Borçlunun daha önce ipotek ettiği taşınmazı hakkında sonradan haczedilmezlik şikayetinde bulunabilmesi için ipoteğin mesken kredisi, esnaf kredisi, zirai kredi gibi zorunlu olarak kurulmuş ipoteklerden olması gerekir. Bunun dışında, borçlunun serbest iradesi ile kurduğu ipotekler, adı geçenin daha sonra bu yerle ilgili olarak meskeniyet iddiasında bulunulmasını engeller. Zira, evini kendi iradesi ile ipotek eden borçlunun artık ona ihtiyacı olmadığı kabul edilmelidir.

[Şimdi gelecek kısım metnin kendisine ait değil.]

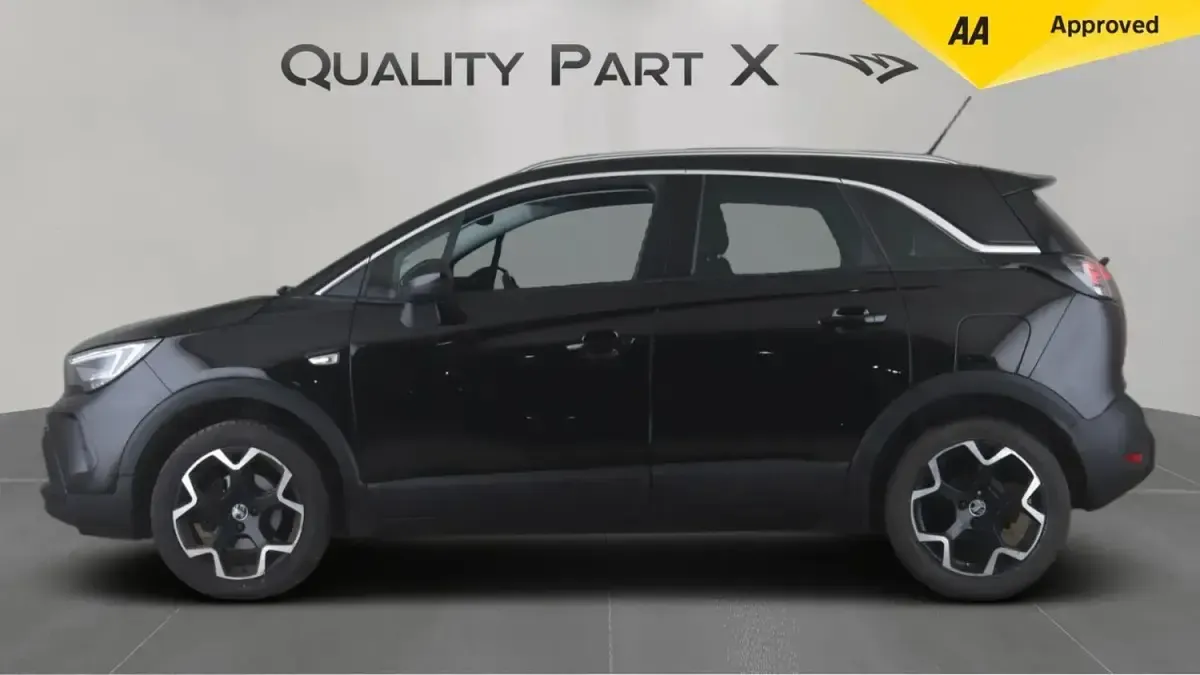 Used Vauxhall Crossland Ultimate 2023 Black SUV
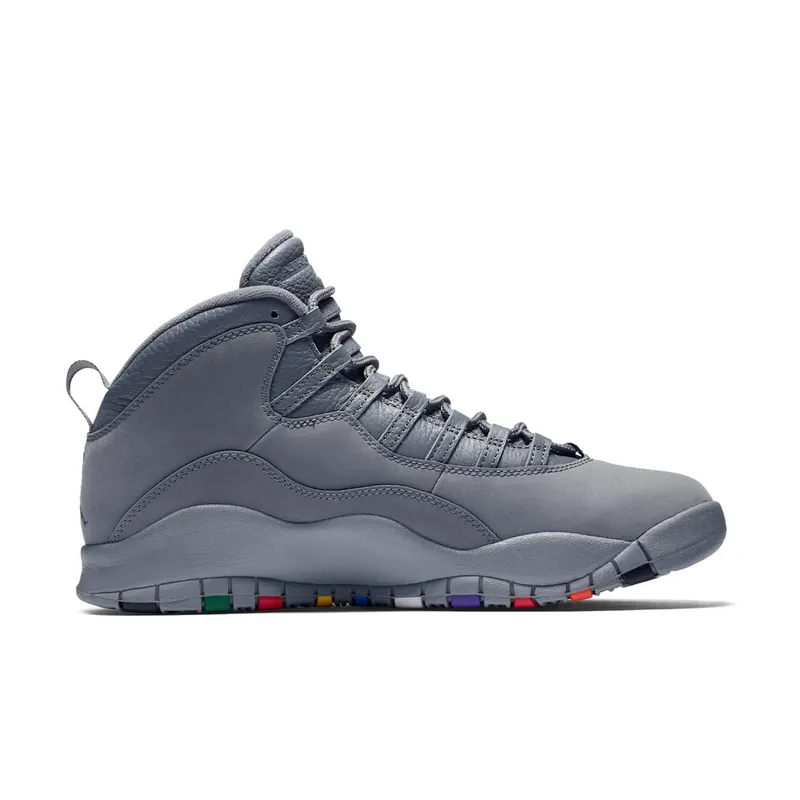 Jordan 10 Retro Cool Grey Cool Grey/Cool Grey-White (310805-022)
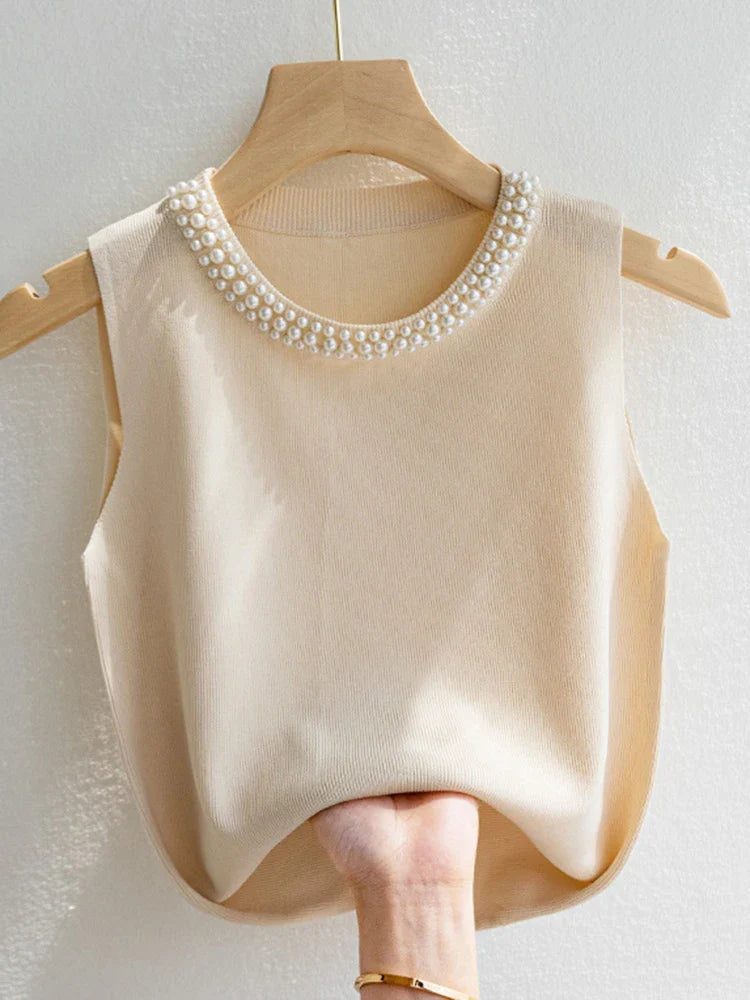Knitted vests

Ancak, taşınmazın tapu kaydında ipotek bulunmasına rağmen haciz tarihinden önce ipoteğe konu borcun ödenmiş olması halinde, tapu kaydındaki mevcut ipotek şerhi, borçlunun meskeniyet şikayetinde bulunma hakkını ortadan kaldırmaz. Aksi takdirde, kurulan bir ipotek borcu ödenmiş olsa dahi, bundan sonraki tüm hacizler yönünden meskeniyet şikayetinin mümkün bulunmadığı gibi kabul edilemeyecek bir sonuç ortaya çıkar.

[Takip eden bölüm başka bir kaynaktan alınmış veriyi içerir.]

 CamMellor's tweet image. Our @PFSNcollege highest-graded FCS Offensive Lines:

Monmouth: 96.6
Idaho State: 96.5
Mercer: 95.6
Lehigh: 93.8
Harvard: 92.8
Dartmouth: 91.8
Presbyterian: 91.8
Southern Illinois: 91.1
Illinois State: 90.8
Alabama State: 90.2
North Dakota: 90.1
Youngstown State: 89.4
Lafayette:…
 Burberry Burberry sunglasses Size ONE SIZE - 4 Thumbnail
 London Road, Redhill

Somut olayda 30.05.2012 tarihinde haczedilen taşınmazın tapu kaydında İş Bankası lehine 24.09.2008 tarihli ipoteğin mevcut olduğu görülmektedir. Bu durumda mahkemece ipoteğin zorunlu ipoteklerden olup olmadığı, değilse ipoteğe konu borcun haciz tarihinden önce ödenip ödenmediği yöntemince araştırılıp, oluşacak duruma göre bir karar verilmesi gerekirken eksik inceleme ile yazılı şekilde hüküm tesisi isabetsizdir.

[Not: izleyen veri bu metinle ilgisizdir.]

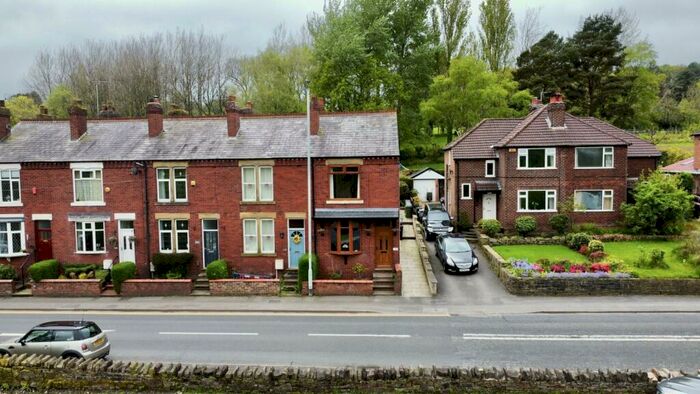 2 Bedroom End Of Terrace House To Rent In Strines Road, Strines, Stockport, SK6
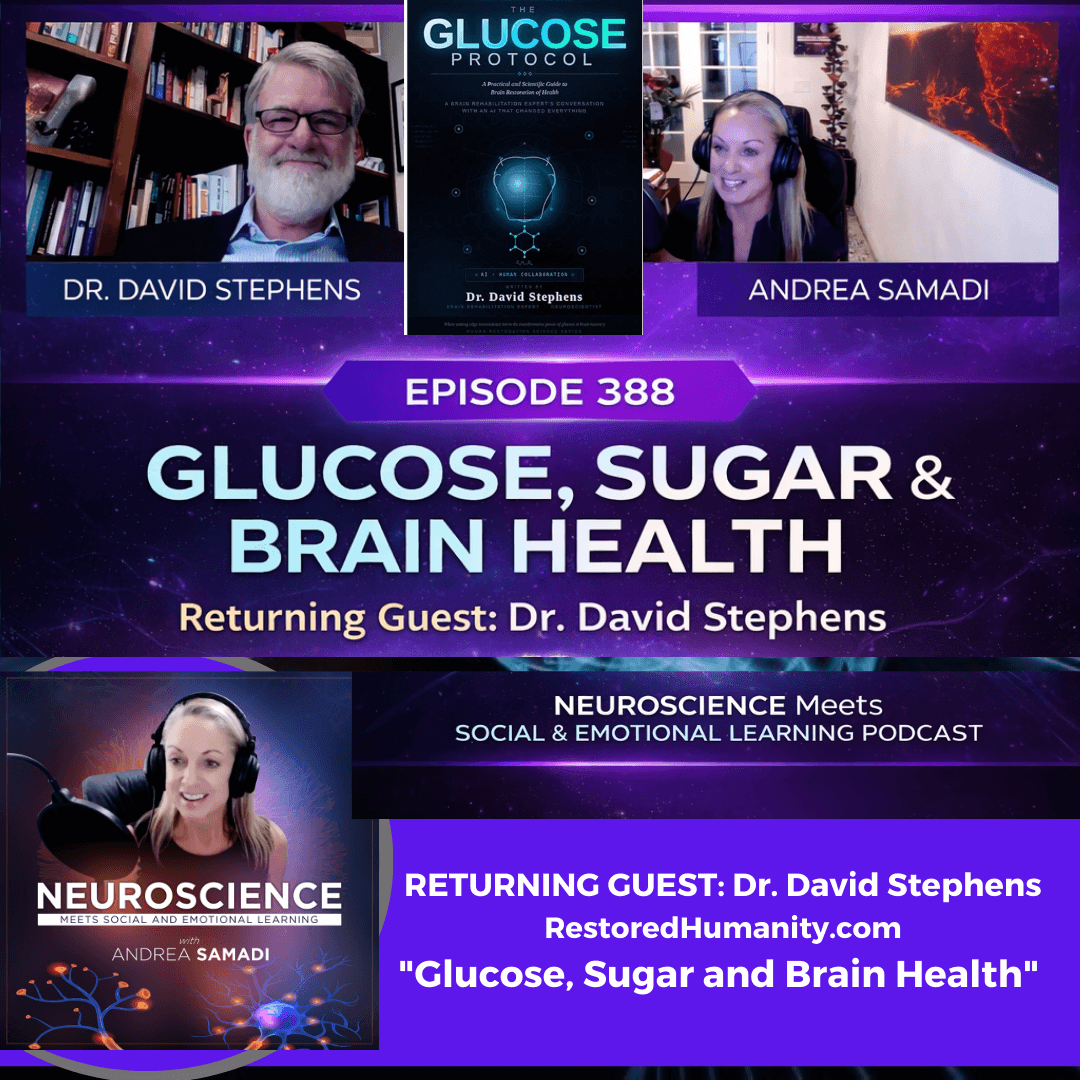 The Glucose Protocol: How Fueling Your Brain Restores Clarity with Dr. David Stephens - Neuroscience Meets Social and Emotional Learning cover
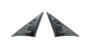 Torque Solution 2020+ Toyota GR Supra MKV A90 / A91 Anti-Buffeting Wind Deflectors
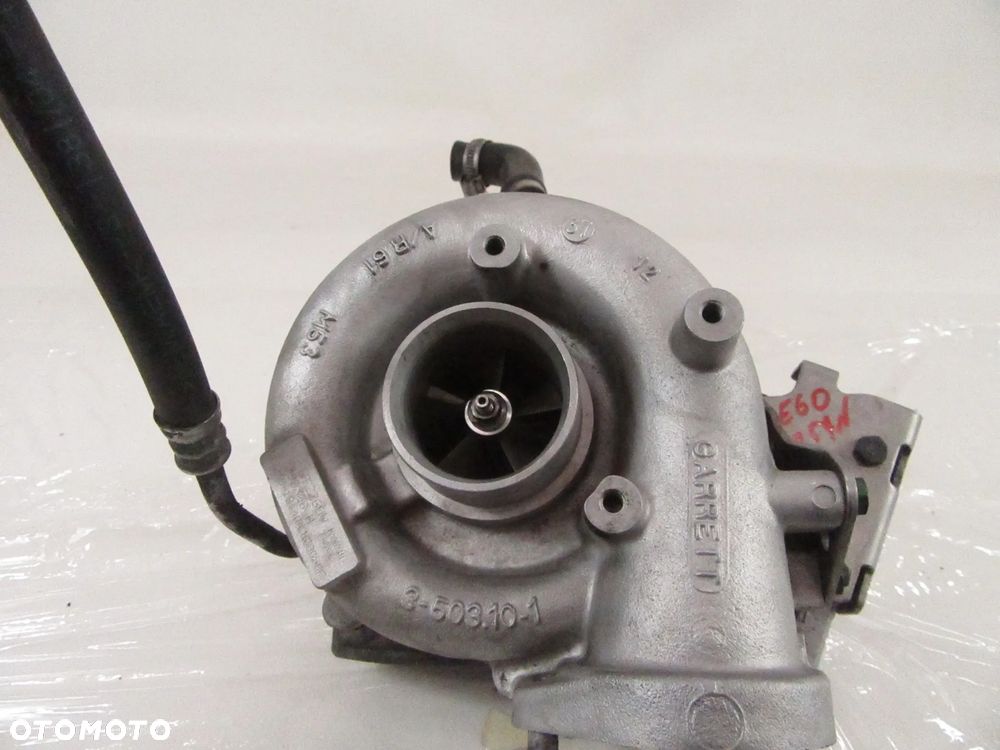 Turbosprężarka turbina BMW e60 e61 3.0 M57n 218km Euro 4 nastawnik - 18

SONUÇ : Borçlunun temyiz itirazlarının kabulü ile mahkeme kararının yukarıda yazılı nedenlerle İİK’nun 366 ve HUMK’nun 428. maddeleri uyarınca (BOZULMASINA), ilamın tebliğinden itibaren 10 gün içinde karar düzeltme yolu açık olmak üzere, 21/03/2013 gününde oybirliğiyle karar verildi.